0 posted 2004-09-16 03:44 PM



don’t hypnotize her this time.

she’s already trying to make friends
with the fireflies and the stars aren’t
exactly helping.

praying to god to find her way home
and not by just the light in his eyes.

her flower skirts and long term plane
rides give her some kind of hope no
one ever bothered to share.

the stains fell all over her hands and
no one was ever there to shout out,
‘clean up in aisle three.’

and she frowns at the thought of eating
in another dim lighted restaurant full of
people who know their way.

she’s just sorry this time. but apologies
were never her cup of tea.  

[[her inspiration was her rainfalls full
of the imagination and beautiful love
everyone was too scared to express.

her inspiration was his hands and how
they knew exactly when to hold her;
never a beat behind. ]]

her tears were the real ones. not the ones
bottled up and saved away for dusty boxes
and storage reasons.

hand her another box of tissues because she
was never fake enough to pretend in smiling.

she lets the whole entire world know that
she’s lovesick. and guess what?

she’s proud.  but never again would she step
outside and rely on the stars to make up her
dreams.

we all need mirrors to remind ourselves who we really are.
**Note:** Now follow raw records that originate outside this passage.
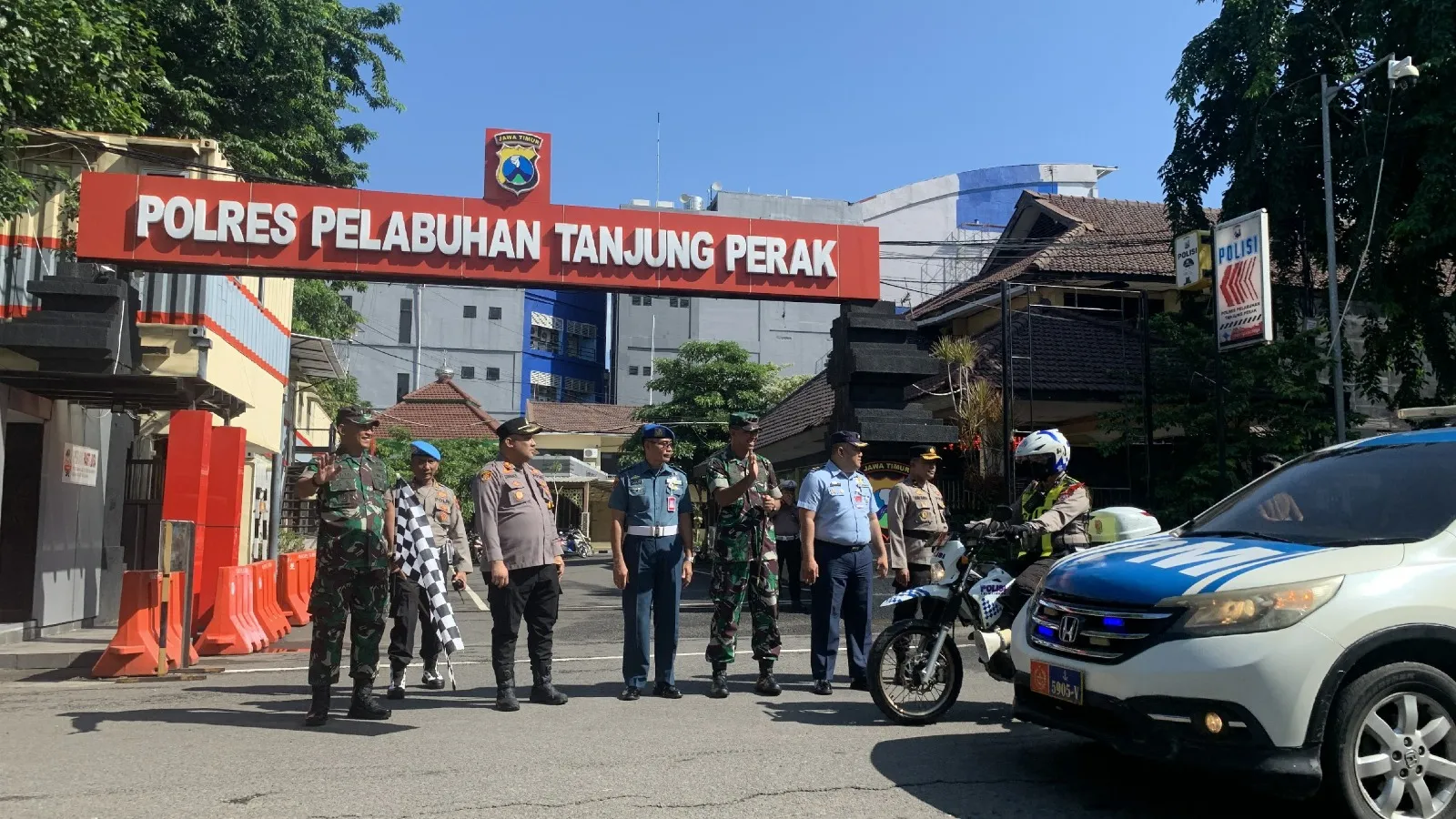 Bulan Bakti TNI - Polri Polres Pelabuhan Tanjung Perak Gelar Patroli Skala Besar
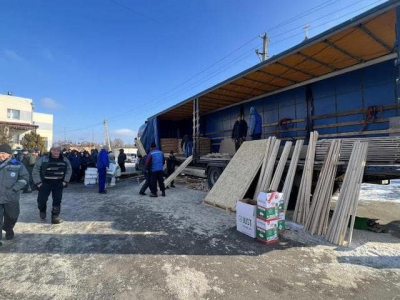 Сто сельских жителей получили строительные наборы для ремонта жилья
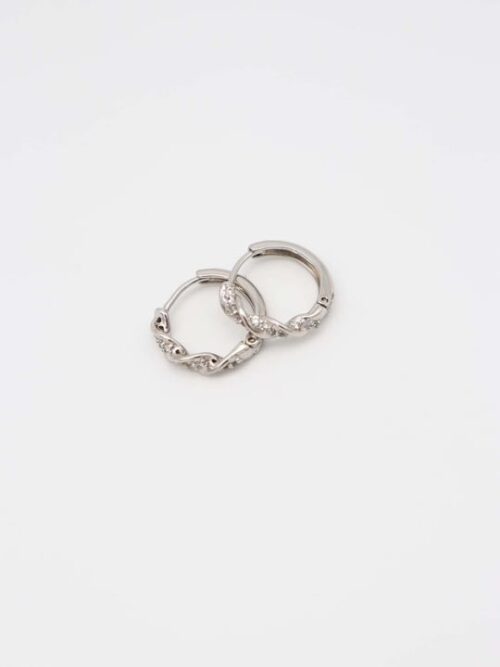 Silver renk taş detaylı burgu küpe(15mm)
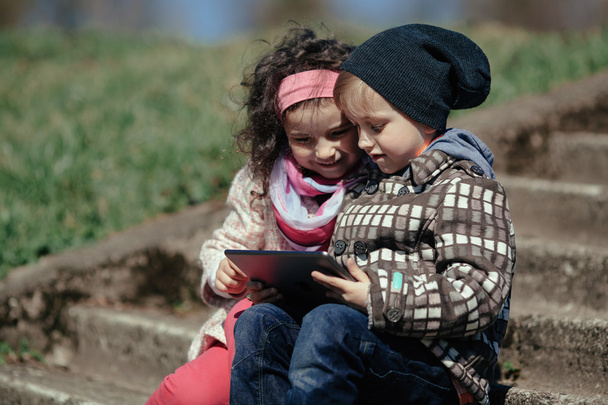 boy and girl using tablet - Foto, afbeelding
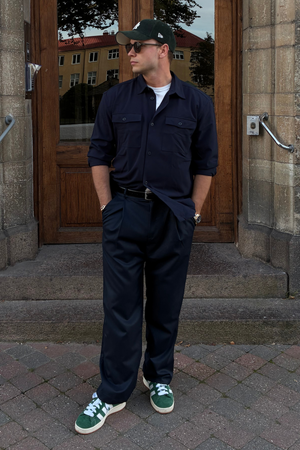 Chrisas viršuje - tamsus karinis jūrų laivynas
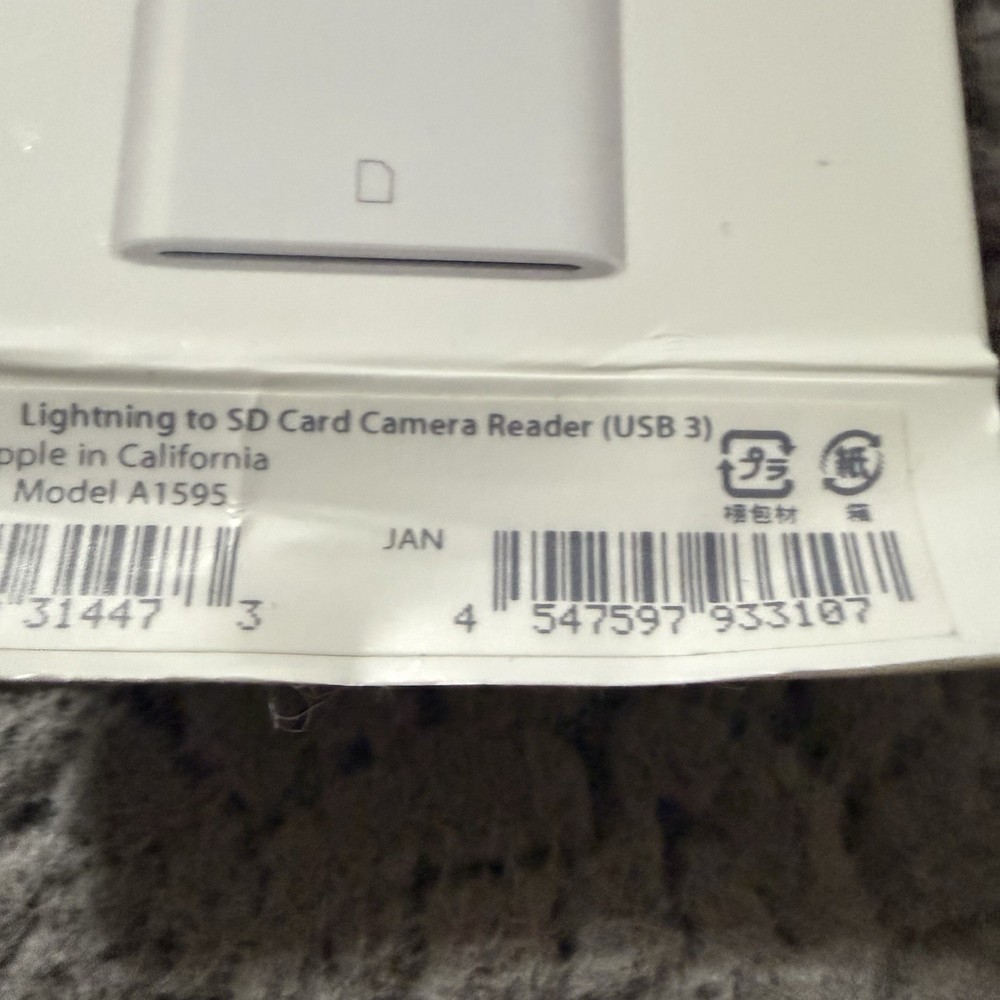 Genuine Apple Lightning to SD Card Camera Reader White Model A1595 Authentic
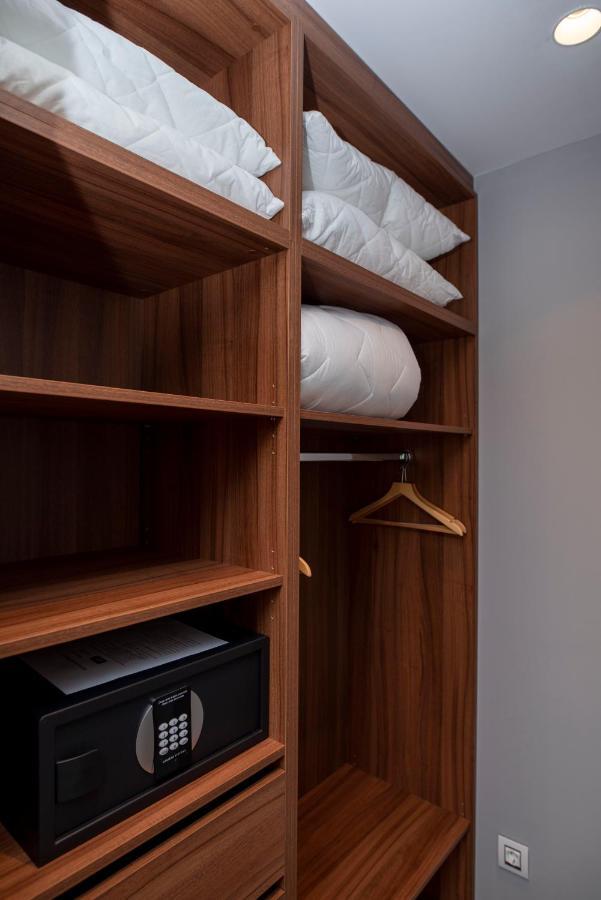 H41 Luxury Suites Belgrado Buitenkant foto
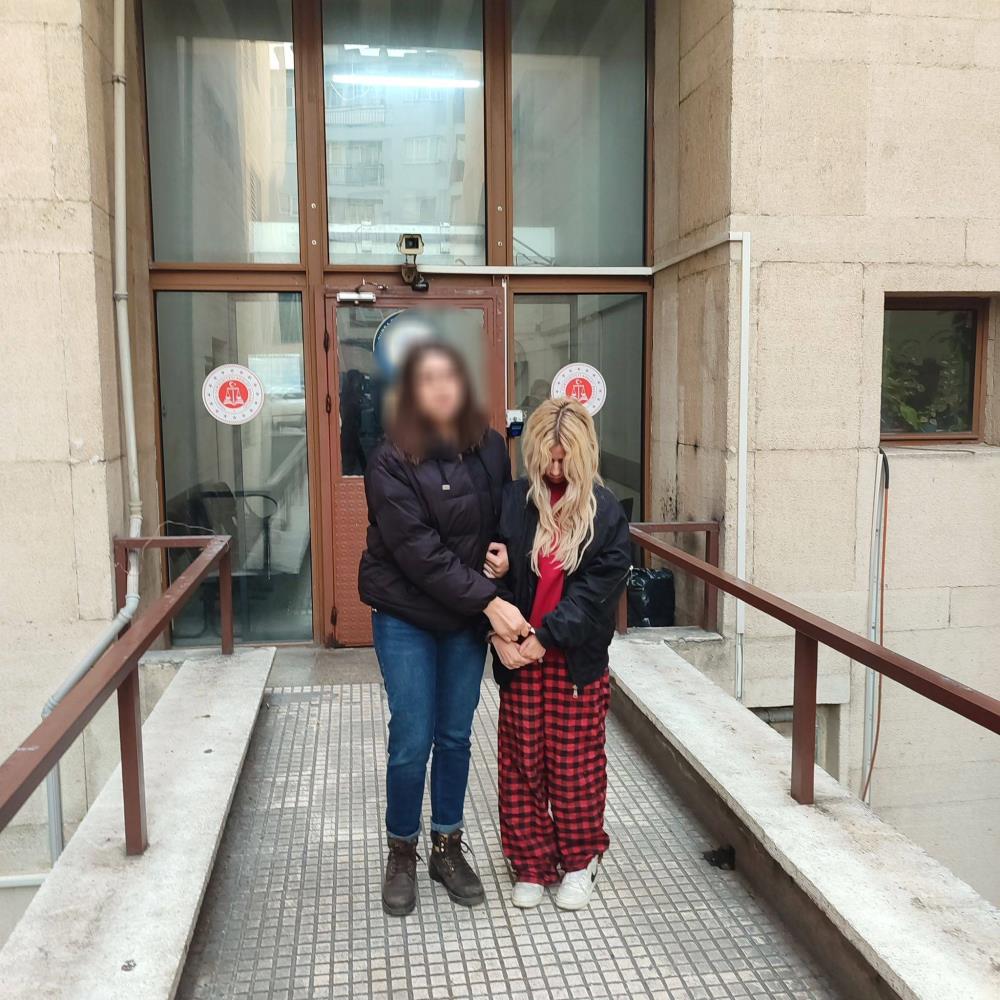 Hukuk Öğrencisi Sahte Toki̇ Sitesiyle Onlarca Kişiyi Dolandırdı (1)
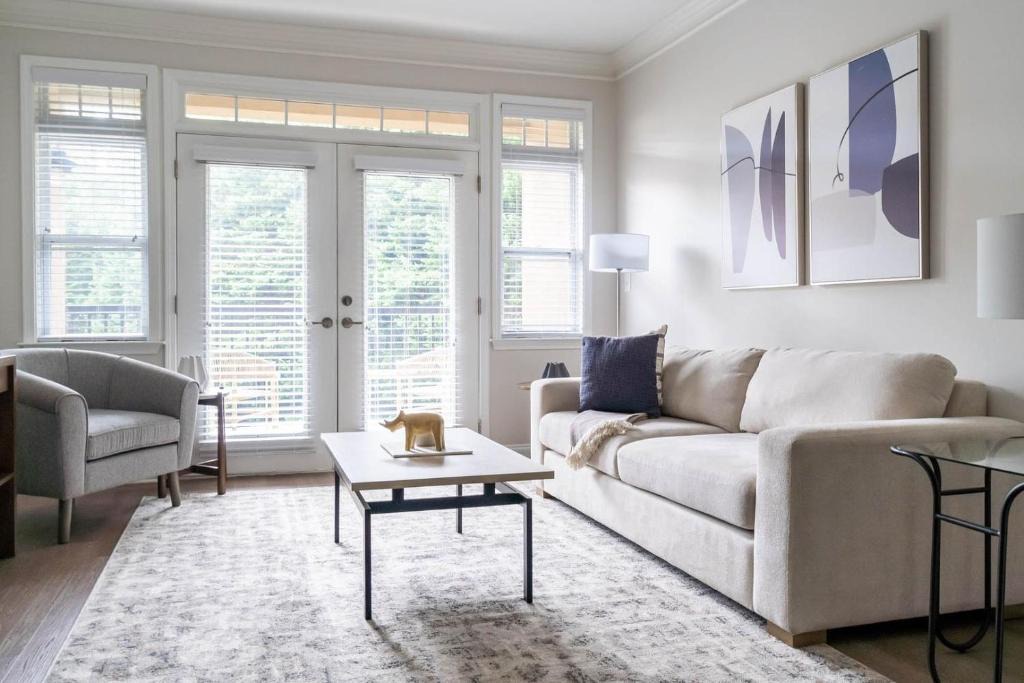 Cary Apartment | Landing Stylish 2BD Courtyard Pool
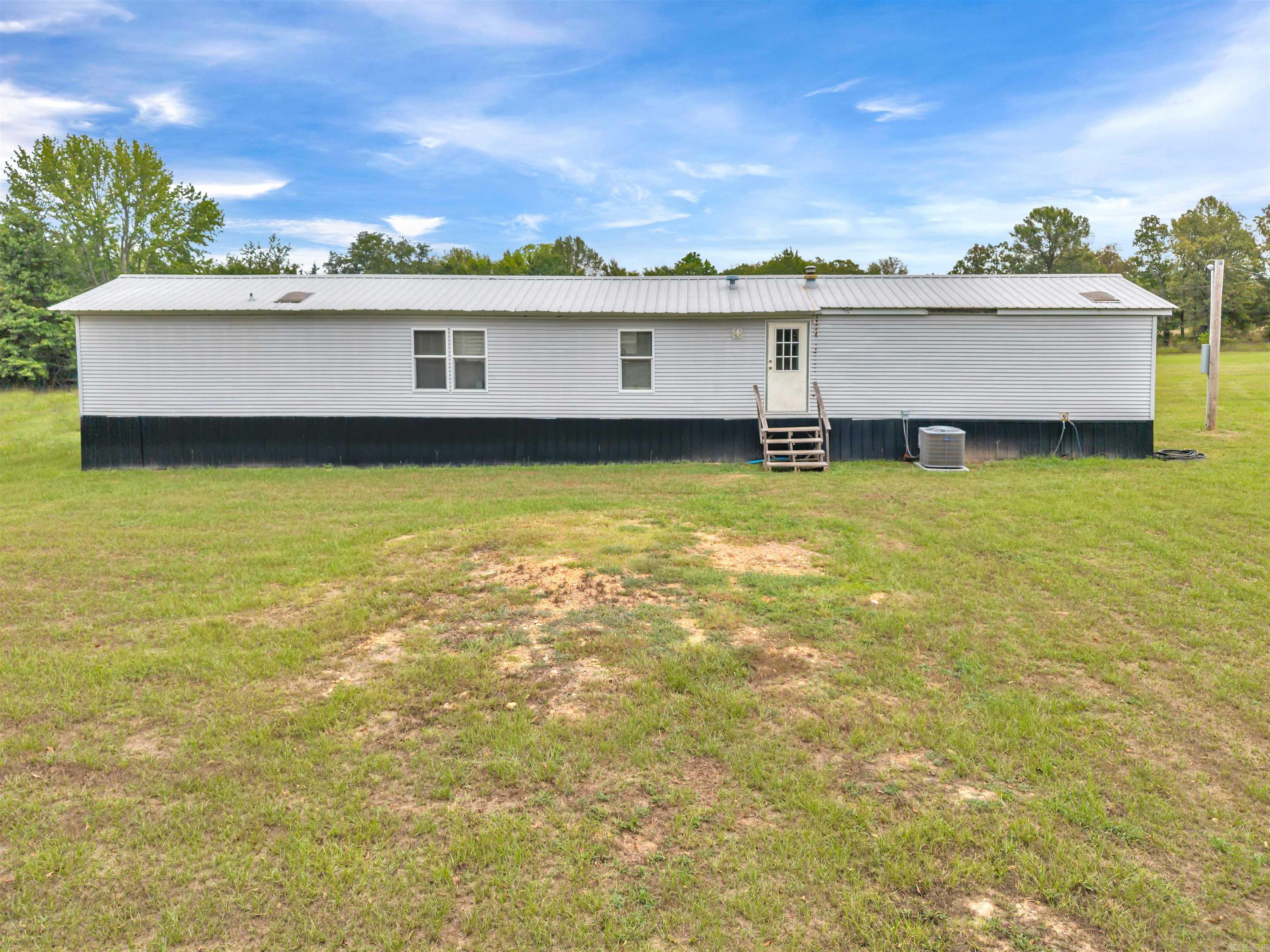 657 Tucker Mountain  Solgohachia, AR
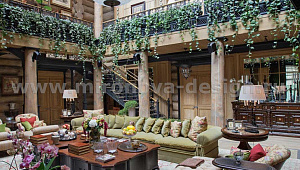 Атмосфера старинного семейного поместья в загородном доме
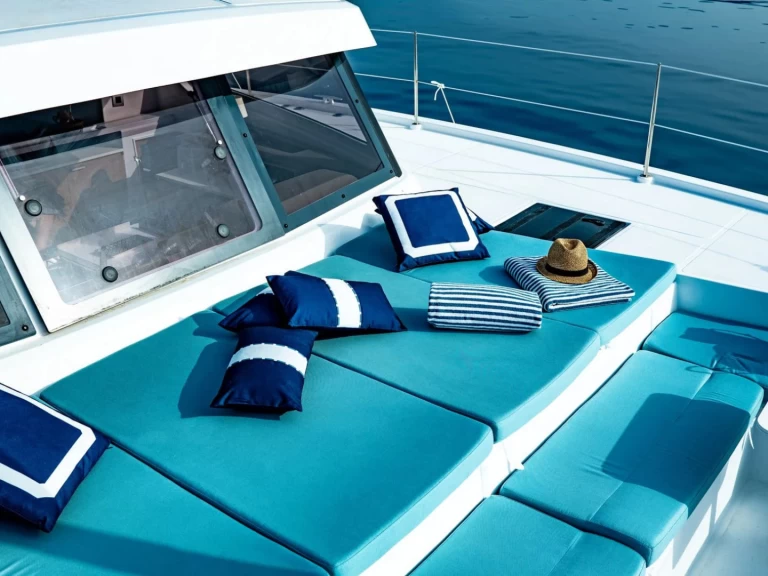 Alquiler de barcos Palermo barato de Bali Catspace Voile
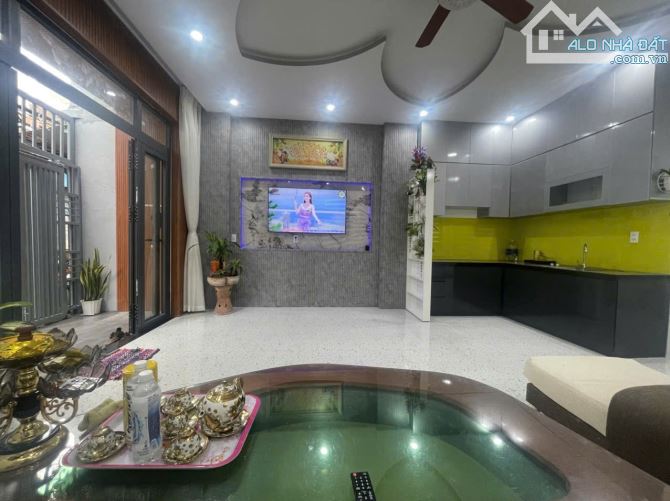 NHÀ 3 TẦNG LÔ GÓC KIỆT PHAN THANH – 55M2 – NGANG 5.56M – FULL NỘI THẤT – GIÁ 4.8 TỶ
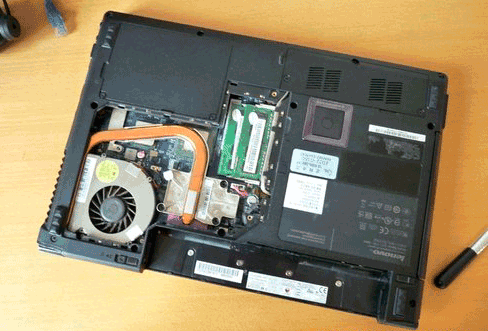 dust-clean-laptop-5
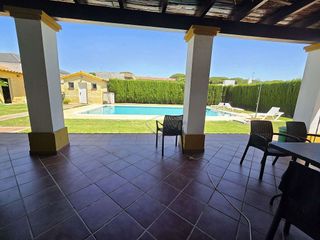 Chalet en venta en Bollullos de la Mitación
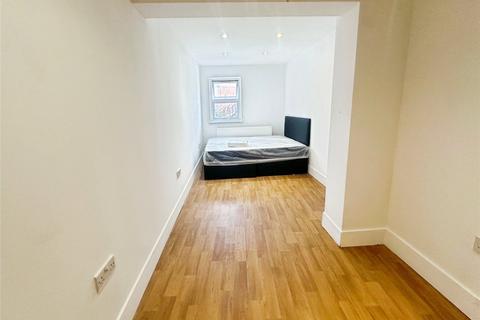 1 bedroom in a house share to rent, Eton Avenue, Hounslow TW5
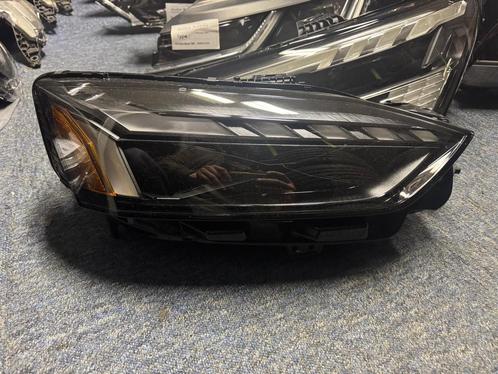 Audi a5 koplamp Rechts  8w6941086f USA, Auto-onderdelen, Verlichting, Gebruikt, Ophalen of Verzenden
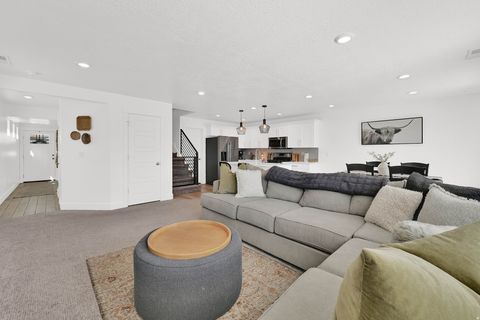 Tiny photo for 6526 S ASPEN LN, South Weber, UT 84405 (MLS # 2150260)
© Copyright 2004 Kelly Landis - All Rights Reserved
PoeTik JusTice
Member
since 2003-01-05
Posts 186
California, USA
1 posted 2004-09-16 06:12 PM


I don't know why no one has commented on this poem yet! I really enjoyed it, very well written, it made me think a lot, and thats good! The only thing I have to say, is the beginning was a little awkward, but thats it!  
Dare2Dream!

XoXo Love Alwayz XoXo
     *~Serena~*
"The greatest thing you'll ever learn, is just to love, and be loved in return." --Moulin Rouge

aussie teen
Member
since 2003-09-27
Posts 396
Australia
2 posted 2004-09-17 08:26 AM


this is beautiful..... i agree that the beginning is a bit akward but that just makes the poem....

her tears were the real ones. not the ones
bottled up and saved away for dusty boxes
and storage reasons.

hand her another box of tissues because she
was never fake enough to pretend in smiling.


these are my favourite lines... they mean soo much to me...
again beautifully written
keep em comin
Ruth

live life as if your going to die tomorow....... but love as if your going to live forever......

young_blood
Senior Member
since 2003-09-19
Posts 1115
Indianapolis, IN
3 posted 2004-09-17 09:50 AM


i agree. this is pretty good. there were a lot of great lines in here. you made what is cliche, somehow new and refreshing. there are a lot of slow spot or too blatant spots, if you clean those up, it'll be great.
*Alli4000*
Deputy Moderator 10 Tours
Member Elite
since 2004-03-21
Posts 3188
The World of Poetry
4 posted 2004-09-17 08:58 PM


Well I'm going to have to with everyone else.  At the beginning I had my doubts that I would like this poem, but when I got to the middle, I was like "woah!"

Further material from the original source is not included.